Ircon-Session has a recommendation for the setup called Session Wrappers, which are like handlers in Next.js for getServerSideProps and API Routes, and that’s what we will implement next to tie this all together.

export function withSessionSsr<P extends { [key: string]: unknown } = { [key: string]: unknown }>(
    handler: (
        context: GetServerSidePropsContext,
    ) => GetServerSidePropsResult<P> | Promise<GetServerSidePropsResult<P>>,
    {
        evaluateFlags,
        evaluateABTests,
    }: { evaluateFlags?: FlagKeys[]; evaluateABTests?: ABTestKeys[] } = {},
) {
    return withIronSessionSsr(
        async function (context) {
            await featureFlagSession(context.req.session, {
                evaluateFlags,
                evaluateABTests,
            })
            await context.req.session.save()
            return handler(context as GetServerSidePropsContext)
        },
        {
            // session options - this is where you'll have your passkey and other configuration for iron-session
        },
    )
}

The Session Wrapper will wrap the getServerSideProps handler like what withIronSessionSsr is doing now

export const getServerSideProps = withSessionSsr(
    async function getServerSideProps(ctx) {
        const featureFlags = featureFlags: context?.req?.session?.flags ?? {},
        if (!featureFlags?.betaPage) {
            return {
                notFound: true,
            }
        }

        return {
            props: {},
        }
    },
    {
        evaluateFlags: ['betaPage'],
    },
)

The SessionWrapper handles configuring Iron-Session, so we don’t have to each route and accepts params for evaluating flags and A/B tests and stores the data on the session by calling save. We can then access the flags on the session and continue using getServerSideProps as we do now.

We can add our feature flags to React Context if we want Client Side access via Next’s custom App.
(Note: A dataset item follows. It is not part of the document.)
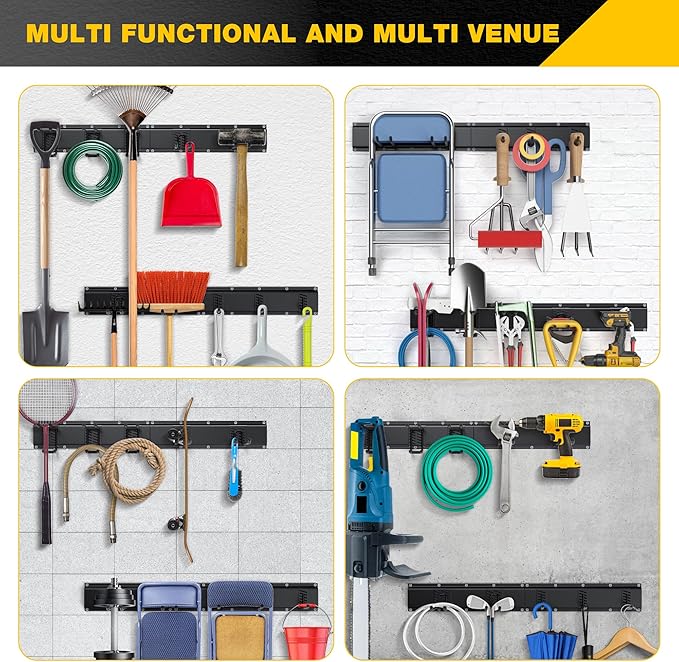 Garage Tool Organizer Wall Mount with 64 inches Rails and 10 Adjustable Heavy-Duty Hooks, Garden Tool Organizer, 14 Pack Carries 630 lbs, Heavy Duty Garage Storage Rack For Yard, Shed, Easy to install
Most of the time, we found that validating within the data loading is sufficient.

Using a similar setup, we can also check the flags in Middleware and Next API Routes. There’s more information in Iron-Session’s documentation but here’s a Middleware example:

export const middleware = async (req: NextRequest) => {
  const res = NextResponse.next();
  const session = await getIronSession(req, res, {
    // iron-session config
  });

  const { flags } = session;

  if (!flags?.betaPage) {
    return NextResponse.redirect(new URL('/home', req.url))
  }

  return res;
};

Wrapping up

And there we have it. We have feature flags within Next.js that we can access across pages, API Routes and Middleware without repeatedly calling a Flag Service. The approach worked well for our needs but wasn’t without tradeoffs.
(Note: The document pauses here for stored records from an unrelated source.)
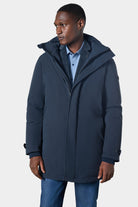 Parka à capuche homme bleu marine Jerem — vue de face, fermeture zippée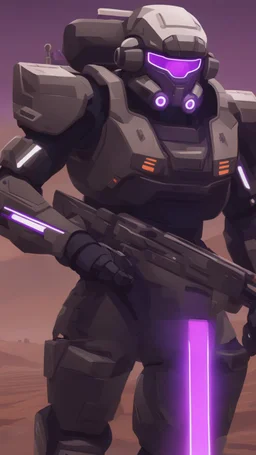A close picture to Ramattra nemesis form as tank body with Arab rob in overwatch art style with black color and neon purple details in Desert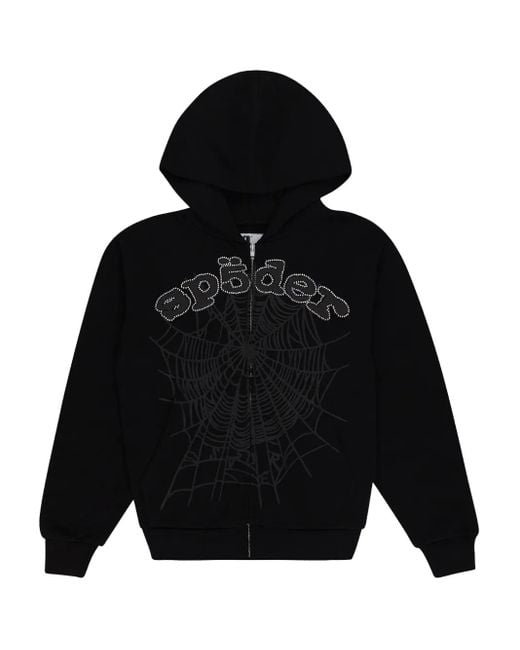 Sp5der Black Og Web V2 Rhinestone Zip-Up Hoodie for men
As mentioned, if we are AB testing, we have locked them into a group. Typically this has been okay, but you lose some of the flexibility of flipping an AB test group all to true or false. We need to deploy this change. I am okay with being strict with A/B tests this way; we should use tests for a short period, make decisions, and move on, not leave them sitting around indefinitely.

There is a maximum size that a cookie can be, which is 4096 bytes. We have been okay with the small amount of information used in the session store, but it’s worth keeping that limit in mind if you start to go beyond a few feature flags.
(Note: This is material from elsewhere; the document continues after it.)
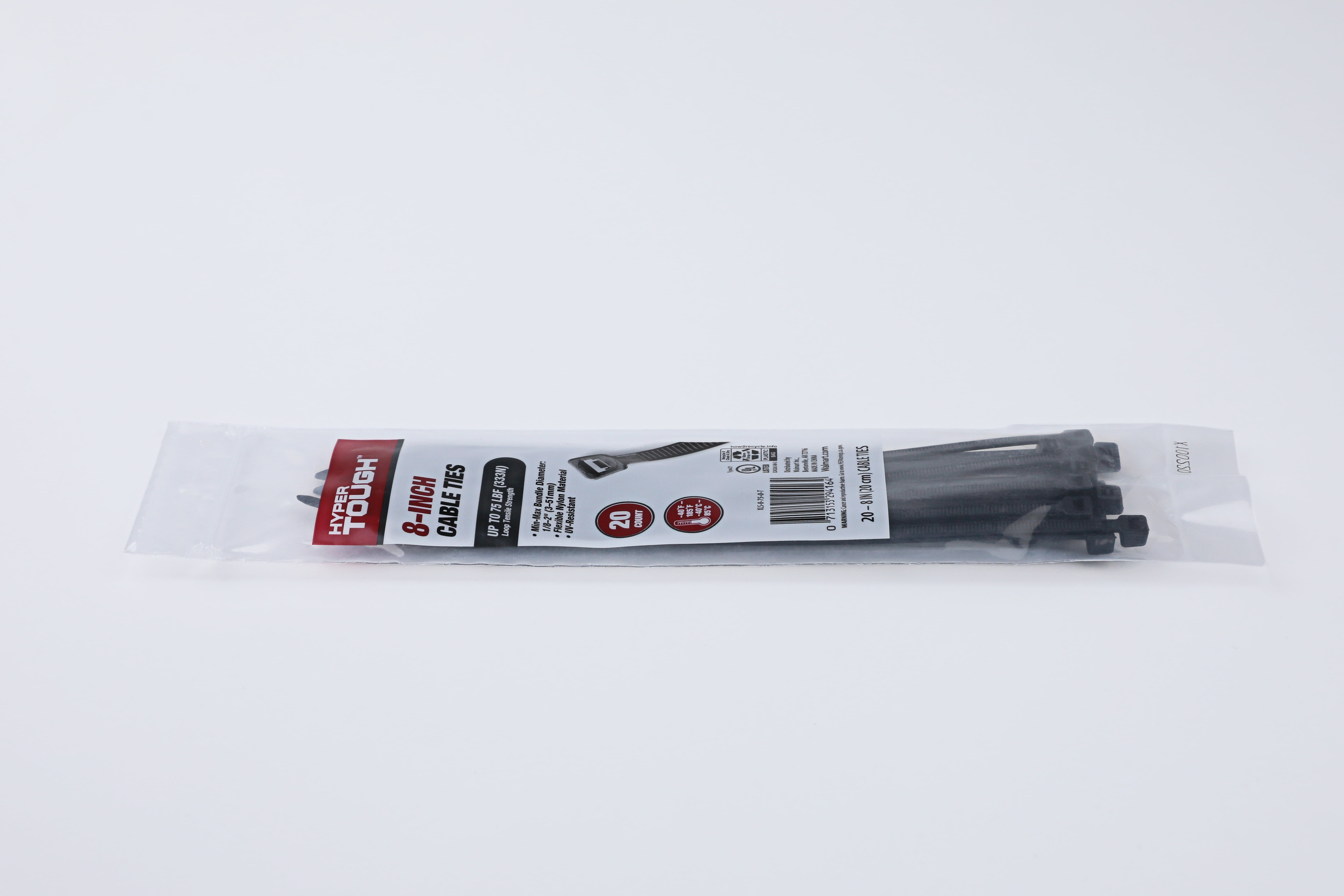Hyper Tough 8 inch Cable Tie Uv Black 20Pcs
Third and as discussed in the expiry section, having multiple session stores would have been nice. It would have simplified our approach between A/B tests and Feature Flags expiring by setting the expiry on the feature flag storage cookie instead. There are issues and discussions in the iron-session repo regarding this idea, and the maintainers explain well why it wasn’t done. We worked around it, as shown above, but it would still be nice.

This approach has worked well for Doist’s Feature Flags and A/B test requirements. We have had it in place for several months now. We use it frequently to test pages internally, limit access to certain site areas, and A/B test different marketing approaches to understand the most successful direction.

It would be great to see a native feature flag solution from the Next.js team, but until then, iron-session and a feature flag service are covering our needs nicely.